» What to work on
At the line that includes "VIVRE AU CALME", begin writing out the entries below exactly, and continue through the last line without adding anything.

» Available data
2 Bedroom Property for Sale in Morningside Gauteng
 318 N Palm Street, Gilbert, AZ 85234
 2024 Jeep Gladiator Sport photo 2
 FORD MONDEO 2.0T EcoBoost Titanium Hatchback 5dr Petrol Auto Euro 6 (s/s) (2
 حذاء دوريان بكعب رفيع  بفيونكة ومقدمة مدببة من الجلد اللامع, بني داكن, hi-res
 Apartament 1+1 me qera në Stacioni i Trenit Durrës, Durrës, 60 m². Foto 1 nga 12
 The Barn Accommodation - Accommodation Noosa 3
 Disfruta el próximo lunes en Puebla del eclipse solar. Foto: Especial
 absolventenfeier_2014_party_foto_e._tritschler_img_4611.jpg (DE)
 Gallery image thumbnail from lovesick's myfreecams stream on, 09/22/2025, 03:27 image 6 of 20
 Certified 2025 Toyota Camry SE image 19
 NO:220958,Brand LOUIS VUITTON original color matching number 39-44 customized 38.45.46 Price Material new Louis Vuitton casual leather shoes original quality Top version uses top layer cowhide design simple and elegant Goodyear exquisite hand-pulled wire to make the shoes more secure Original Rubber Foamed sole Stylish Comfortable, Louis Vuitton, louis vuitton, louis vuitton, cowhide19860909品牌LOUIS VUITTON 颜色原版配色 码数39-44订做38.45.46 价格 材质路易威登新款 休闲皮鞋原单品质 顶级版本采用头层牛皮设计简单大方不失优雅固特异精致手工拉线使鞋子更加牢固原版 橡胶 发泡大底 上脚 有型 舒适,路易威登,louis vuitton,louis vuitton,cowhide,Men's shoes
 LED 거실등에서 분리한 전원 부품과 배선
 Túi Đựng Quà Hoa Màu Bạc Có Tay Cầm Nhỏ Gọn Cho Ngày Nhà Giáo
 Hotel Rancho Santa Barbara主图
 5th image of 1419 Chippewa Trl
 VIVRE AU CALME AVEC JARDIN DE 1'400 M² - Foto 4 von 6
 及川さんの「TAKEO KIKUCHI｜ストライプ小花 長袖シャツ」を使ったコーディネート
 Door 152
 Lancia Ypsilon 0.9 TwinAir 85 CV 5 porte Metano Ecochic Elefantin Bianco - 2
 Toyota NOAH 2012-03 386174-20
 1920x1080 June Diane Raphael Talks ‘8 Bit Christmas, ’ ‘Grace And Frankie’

» Response for this exercise
 VIVRE AU CALME AVEC JARDIN DE 1'400 M² - Foto 4 von 6
 及川さんの「TAKEO KIKUCHI｜ストライプ小花 長袖シャツ」を使ったコーディネート
 Door 152
 Lancia Ypsilon 0.9 TwinAir 85 CV 5 porte Metano Ecochic Elefantin Bianco - 2
 Toyota NOAH 2012-03 386174-20
 1920x1080 June Diane Raphael Talks ‘8 Bit Christmas, ’ ‘Grace And Frankie’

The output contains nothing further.